She was all woman, she was every woman, and yet she was like no other. He could hear each quick catch of her breath above the roar of the motor. With her name on his lips, he pressed them to the vulnerable line of her throat, where the skin was heated from the sun and as delicate as water.
She might have slid bonelessly to the deck if his body hadn’t pressed hers so firmly against the rail. In wonder, in panic, she felt his muscles turn to iron wherever they touched her. Never before had she felt so fragile, so at the mercy of her own desires. The sea was as calm as glass, but she felt herself tossed, tumbled, wrecked. With a sigh that was almost a sob, she wrapped her arms around him.
It was the defenselessness of the gesture that pulled him back from the edge. He must have been mad. For a moment he’d been close, much too close, to dragging her down to the deck without a thought to her wishes or to the consequences. With his eyes closed, he held her, feeling the erratic beat of her heart, hearing her shallow, shuddering breath.

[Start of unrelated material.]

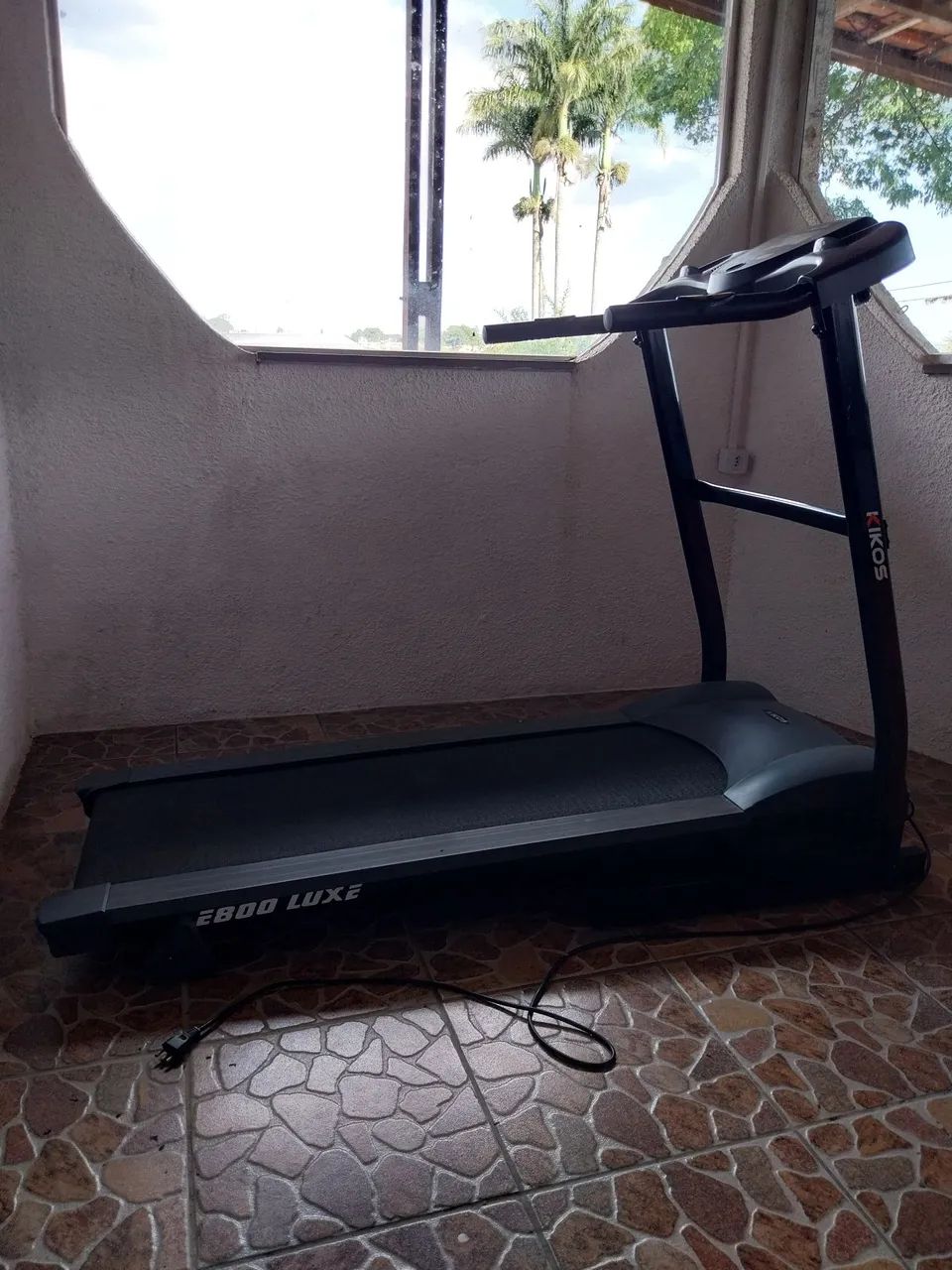 Esteira Ergométrica Kikos E800 Luxe - Dobrável, Super Conservada e Quase Não Utilizada - Foto 3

Perhaps he was still mad, Stephen thought. Even as the ragged edges of desire eased, something deeper and far more dangerous bloomed.

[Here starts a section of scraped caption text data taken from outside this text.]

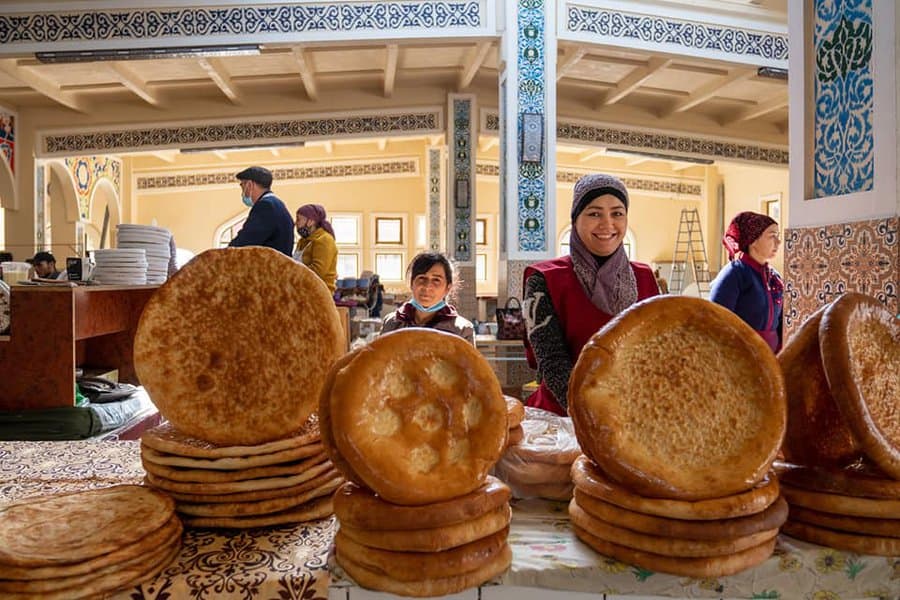 לירון שיינקמן, מכירת לחם בשוק בבוכרה, אוזבקיסטן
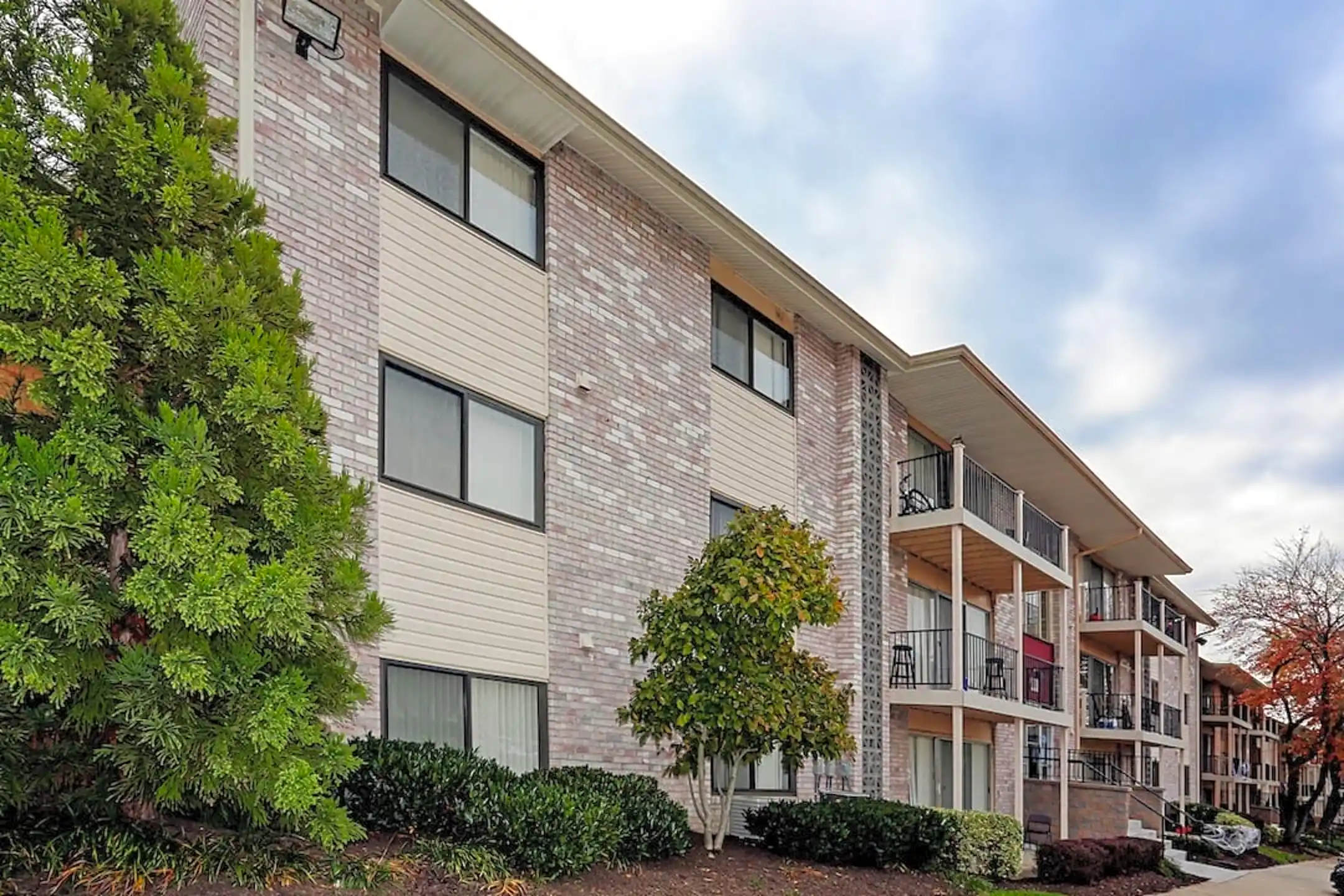 Laurel Park Laurelton Court Apartments Laurel MD 20707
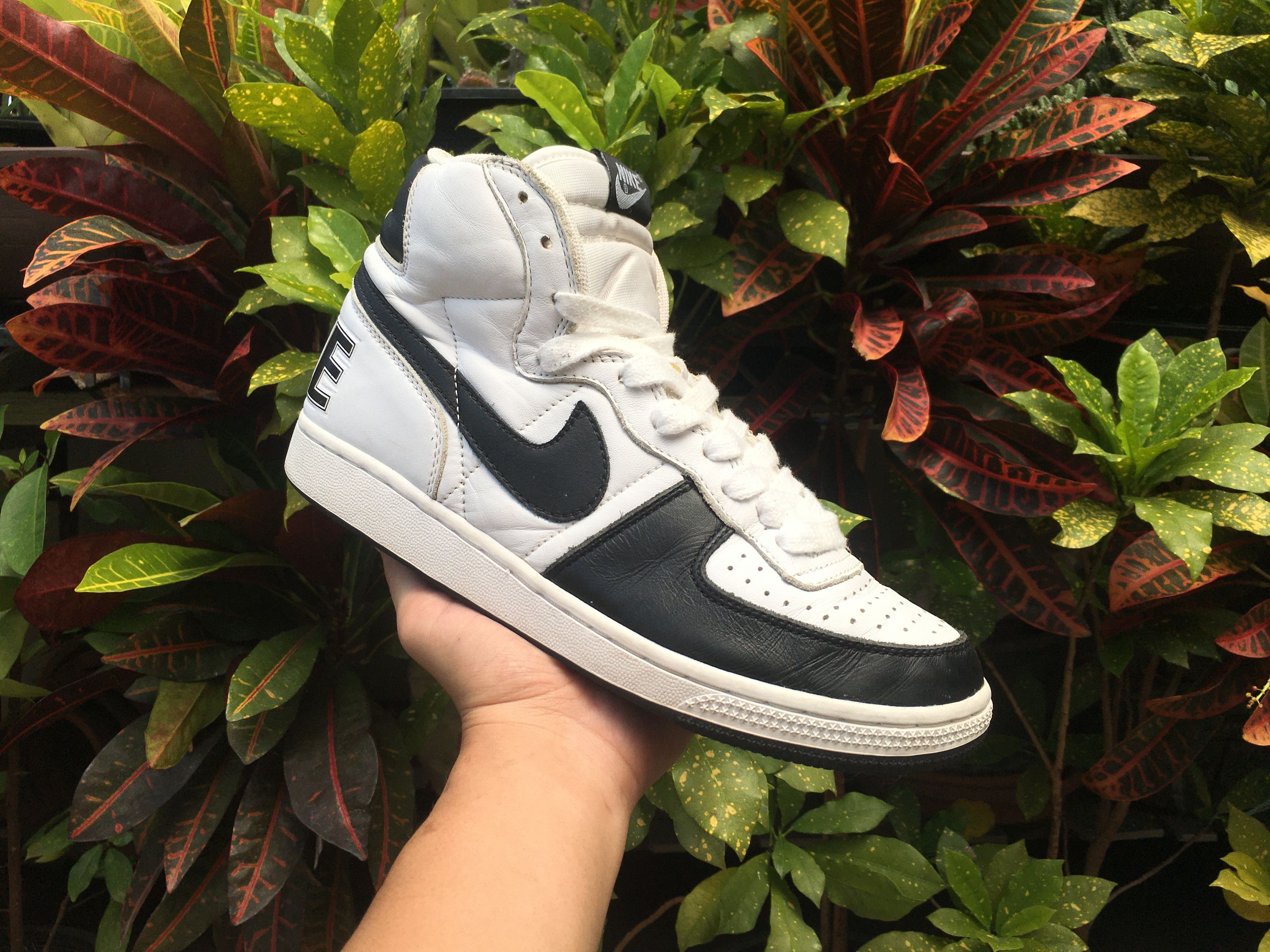 Nike × Vintage Vintage Nike Terminator High OG Black White Panda 2004 Size US 9.5 / EU 42-43 - 15 Thumbnail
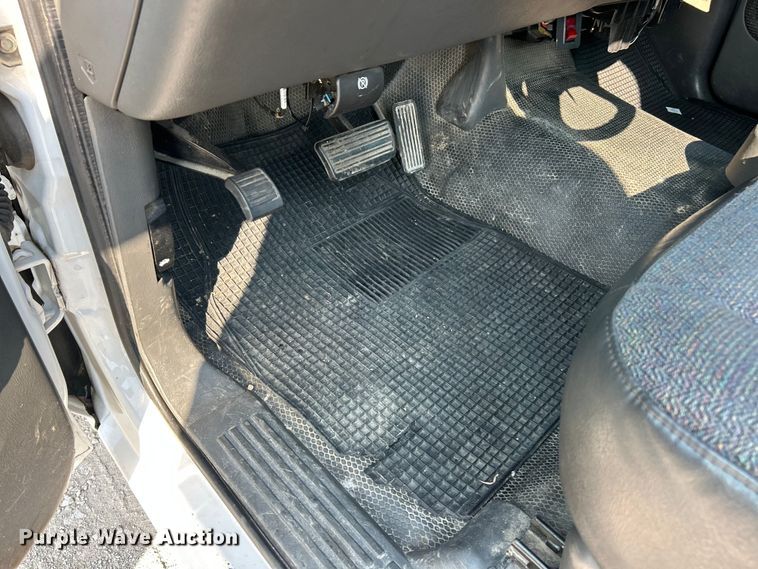 image for item EK8471 2005 Chevrolet Silverado 1500 pickup truck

He wanted her, in a way no man could safely want a woman. Forever.
Fate, he thought again as he stroked her hair. It seemed he was falling in love whether he wished it or not. A few hours with her and he felt more than he had ever imagined he could feel.
There had been a few times in his life when he had seen and desired on instinct alone. What he had seen and desired, he had taken. Just as he would take her. But when he took, he meant to keep.
Carefully he stepped back. “Maybe neither of us has a choice.” He dipped his hands into his pockets. “And if I touch you again, here, now, I won’t give you one.”
Unable to pretend, knowing they were shaking, she pushed her hands through her hair. She didn’t bother to disguise the tremor in her voice. She wouldn’t have known how. “I won’t want one.” She saw his eyes darken quickly, dangerously, but she didn’t know his hands were balled into fists, straining.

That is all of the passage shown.